#### WORK TO COMPLETE
Exact copies of the lines below are the goal; any images in them are dropped.

* * * * *

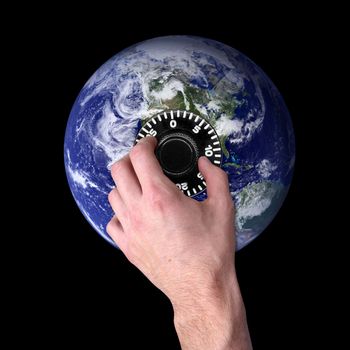 A conceptual image of a hand locking a combination lock on the Earth.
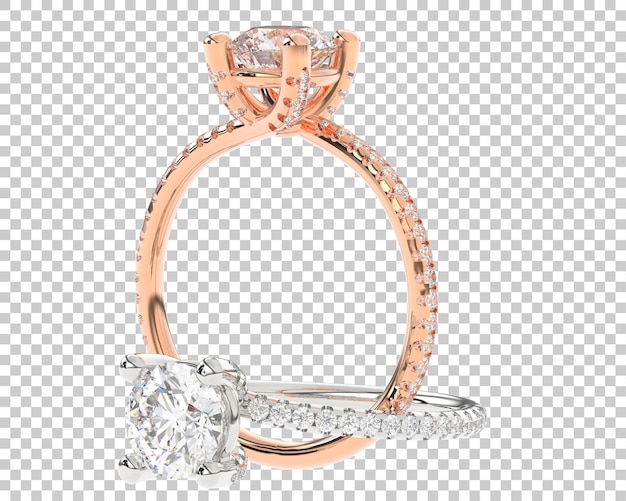 Studio diamond ring isolated on white background 3d rendering illustration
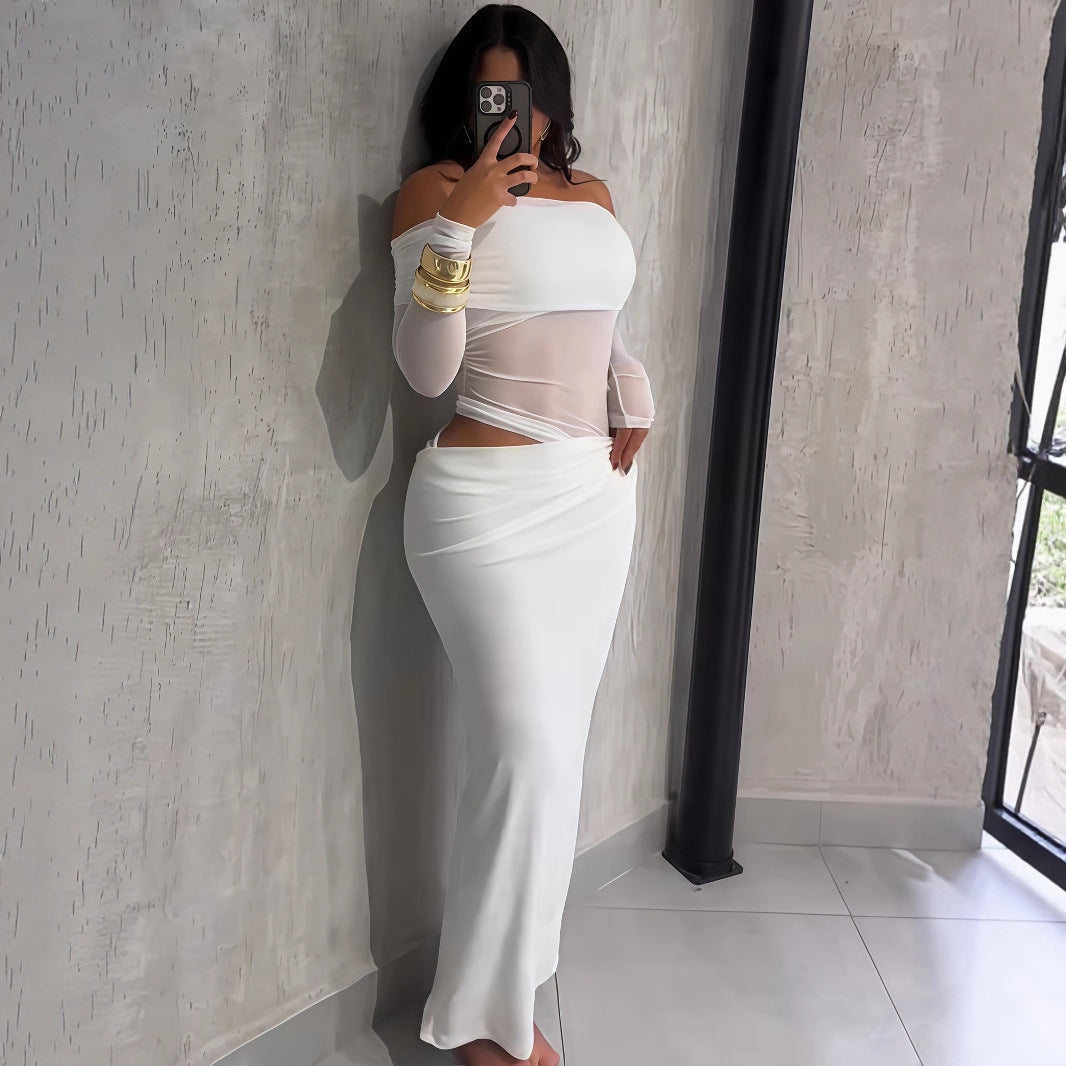 Summer Women Maxi Dress Sexy Mesh Stitching Slim Fit Tube Top Long Sleeve Dress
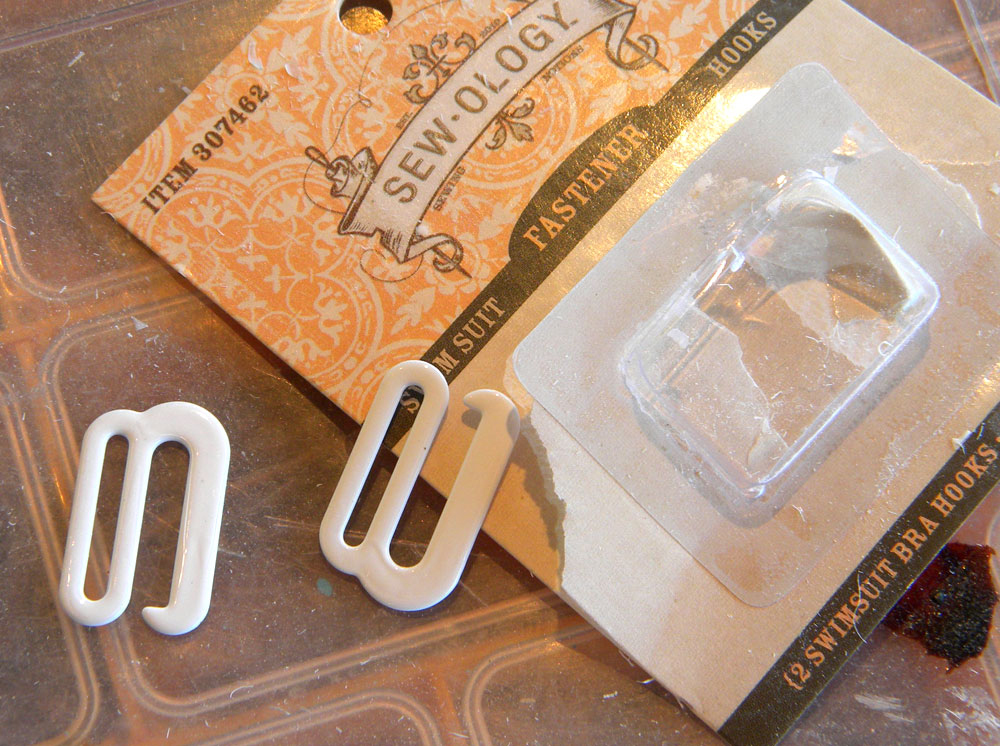 To attach straps to the mask, I bought some bathing suit hooks.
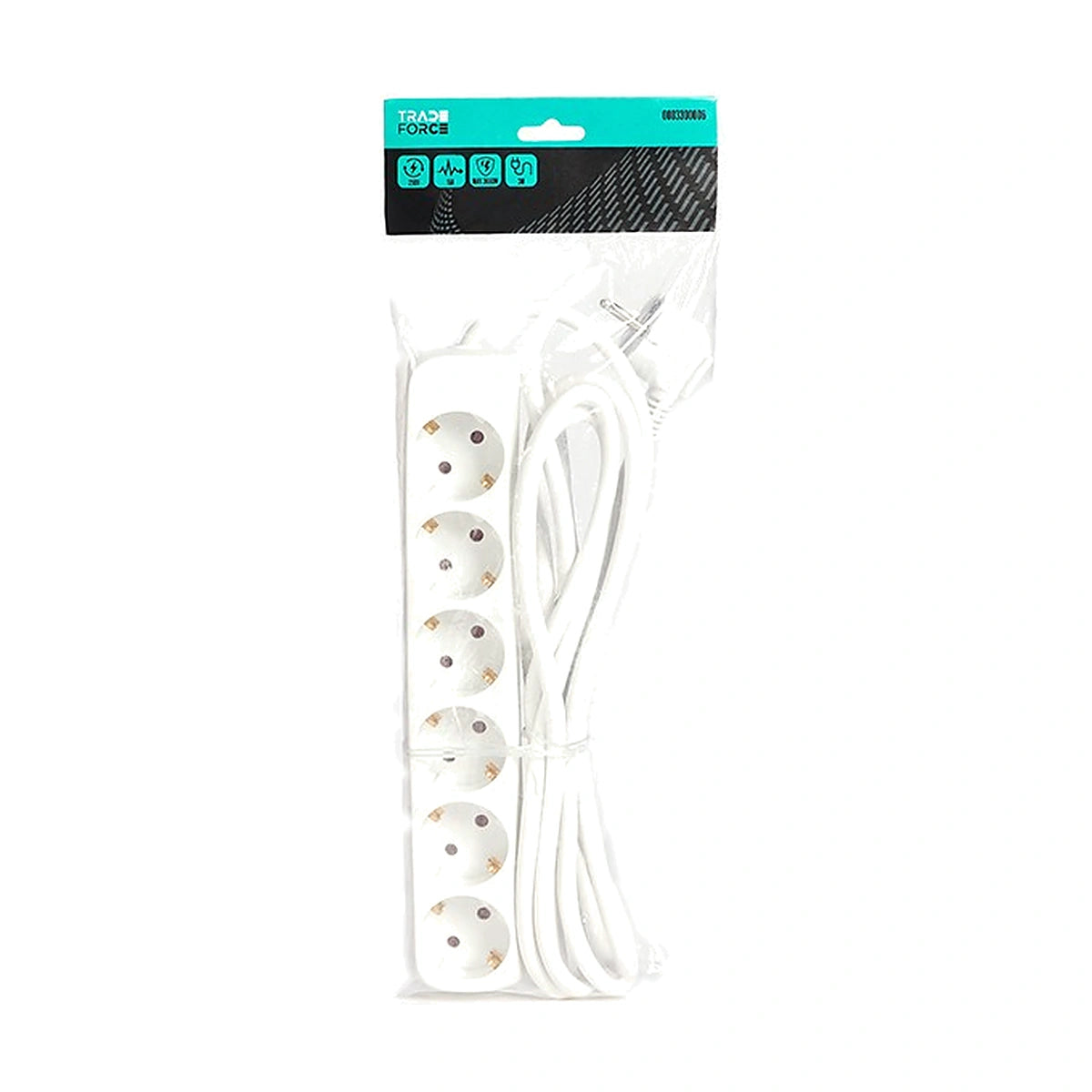 Tradeforce Steckdosenleiste 6-fach, 3m, weiß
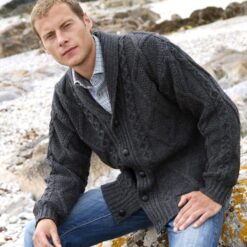 Shawl Collar Gents Cardigan Charcoal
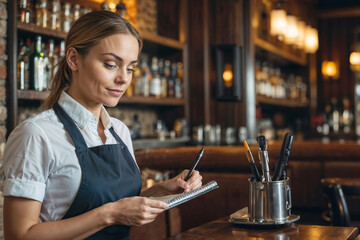 Portrait of waitress with a notebook takes an order. Waitress taking order on a notebook in pub. Waiter writing an order in bar at hotel - Powered by Adobe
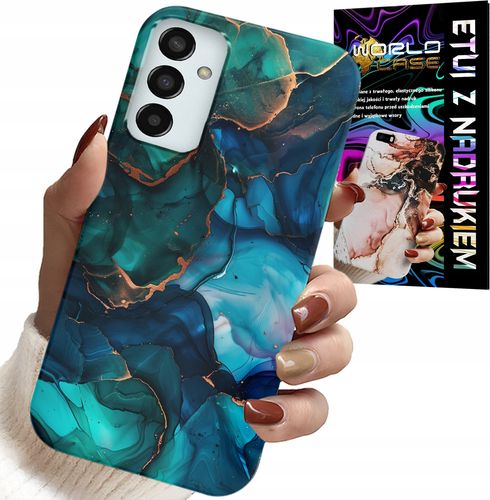 ETUI DO SAMSUNG GALAXY M23 - NIEBIESKO ZIELONY MARMUREK PLECKI WZORY na Arena.pl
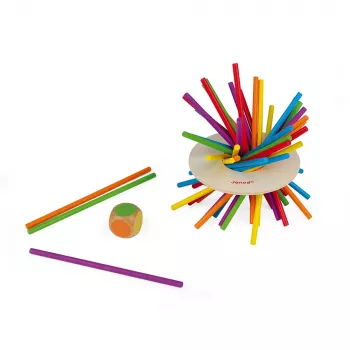 Janod Crazy Sticks balancespil – færdighedsspil i træ til 1–4 spillere, flerfarvet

* * * * *

#### EXERCISE ANSWER
 A conceptual image of a hand locking a combination lock on the Earth.
 Studio diamond ring isolated on white background 3d rendering illustration
 Summer Women Maxi Dress Sexy Mesh Stitching Slim Fit Tube Top Long Sleeve Dress
 To attach straps to the mask, I bought some bathing suit hooks.
 Tradeforce Steckdosenleiste 6-fach, 3m, weiß
 Shawl Collar Gents Cardigan Charcoal
 Portrait of waitress with a notebook takes an order. Waitress taking order on a notebook in pub. Waiter writing an order in bar at hotel - Powered by Adobe
 ETUI DO SAMSUNG GALAXY M23 - NIEBIESKO ZIELONY MARMUREK PLECKI WZORY na Arena.pl
 Janod Crazy Sticks balancespil – færdighedsspil i træ til 1–4 spillere, flerfarvet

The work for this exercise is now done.